Duo Fahri dan Fadli Memang Beda?
Jadi harusnya clear. Penghargaan ini diberikan dalam kapasitas keduanya sebagai mantan pimpinan DPR. Tidak ada kait mengait dengan sikap kritis mereka.
Pertanyaannya, mengapa Mahfud hanya menyebut keduanya? Pemerintah juga terkesan membiarkan isu tersebut berkembang liar.
Saat bertemu di Istana Jokowi juga terkesan memanfaatkan panggung tersebut. Dia secara khusus memberikan penjelasan kepada pers bersama Wapres Ma’ruf Amin didampingi Duo F.
Jokowi juga mempersilakan Fahri dan Fadli bicara ke media. Terkesan spesial.
Agak sulit untuk membantah bahwa pemerintah, dalam hal ini istana mencoba memanfaatkan momen tahunan itu sebagai ajang pencitraan.
Mereka ingin membangun kesan bahwa pemerintahan Jokowi sangat demokratis.
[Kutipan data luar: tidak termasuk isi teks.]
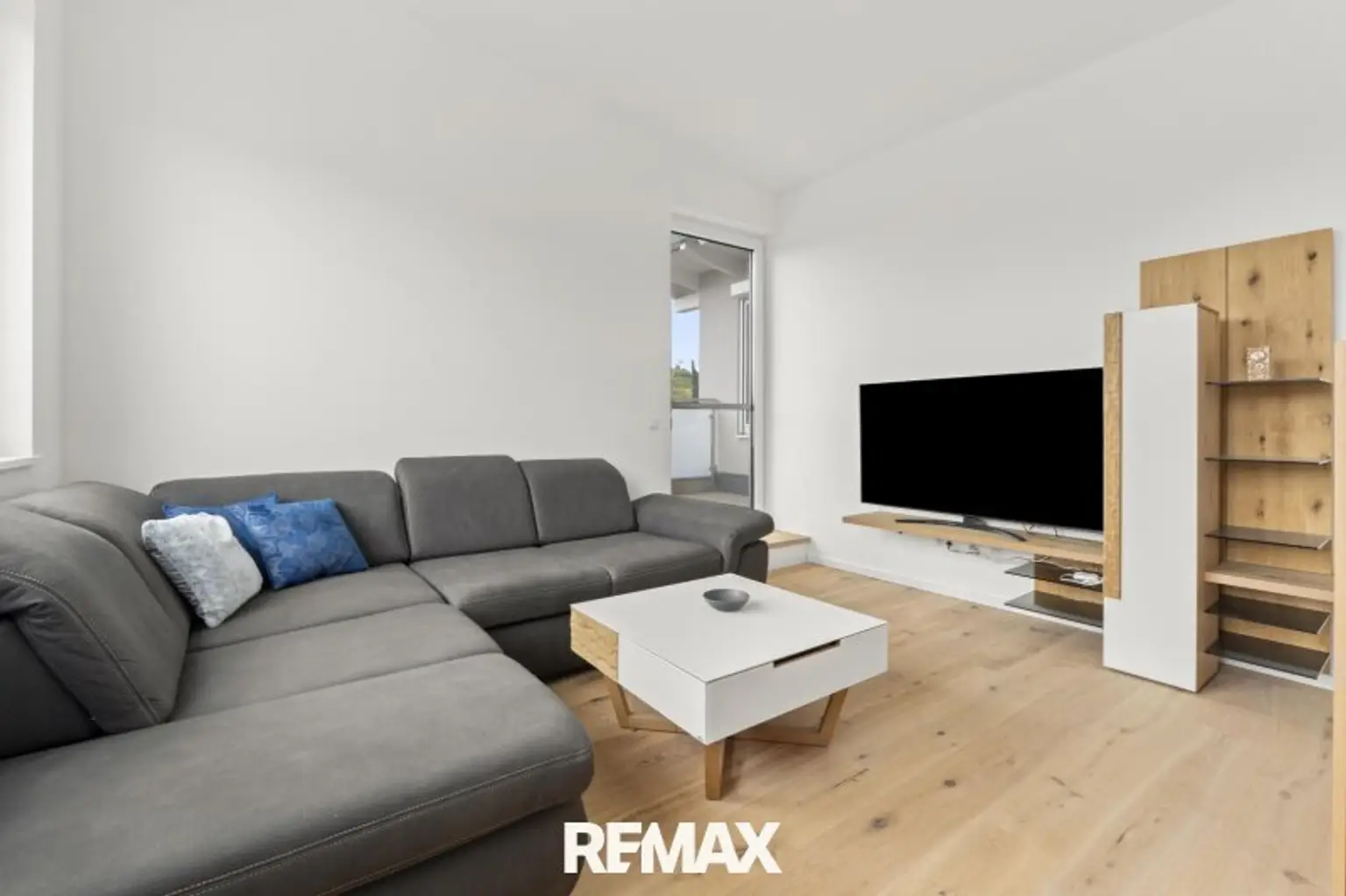 Wohnung im OG - perfekte Wohnqualität
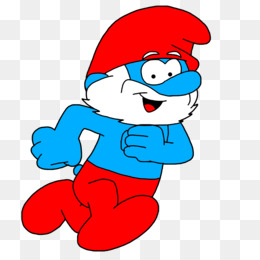 260x260 Papa Smurf The Smurfs Clip Art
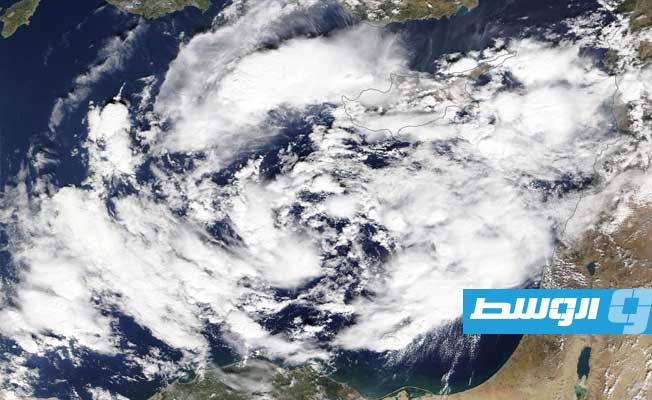 «الأرصاد المصرية» تحذر من وصول العاصفة «دانيال» كمنخفض جوي يسبب سيولًا ببعض المناطق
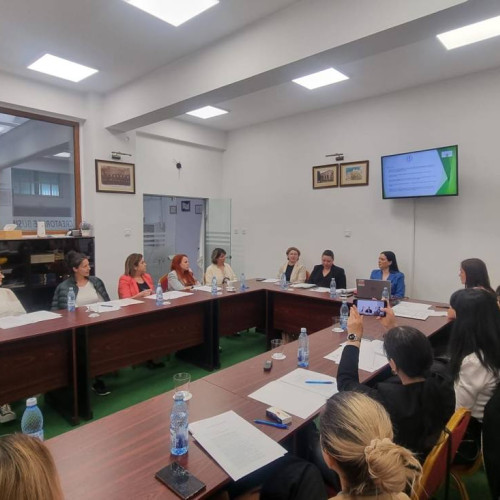 Camera de Comerț Dâmbovița promovează Femeia Antreprenor 2024 printr-un workshop de pregătire pentru proiecte inovatoare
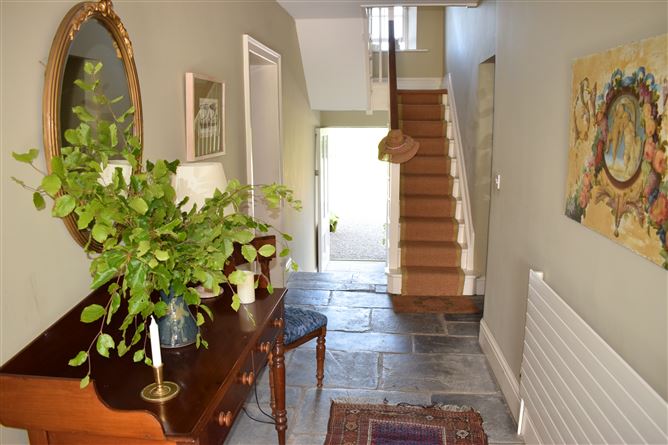 The Old Barracks, Kiltegan, Wicklow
Menghargai perbedaan. Tidak alergi kritik, bahkan yang sangat keras seperti biasa dilakukan oleh duet Fahri dan Fadli.
Pemeritahan Jokowi selama ini mendapat banyak kecaman dari dalam dan luar negeri sebagai pemerintahan anti kritik.
Pengamat dari Universitas Melbourne, Australia Tim Lindsey bahkan menyebutnya sebagai “Neo New Order.”
Neo Orde Baru mengingatkan kita pada pemerintahan yang represif di masa Soeharto.
Sampai batas tertentu operasi public relation itu cukup berhasil. Duo F menjadi pelengkap penderita. Menolak salah. Menerima juga salah.
Publik, terutama kalangan oposisi kini tengah menunggu. Apakah setelah mendapat penghargaan, Duo F akan menjadi lebih jinak?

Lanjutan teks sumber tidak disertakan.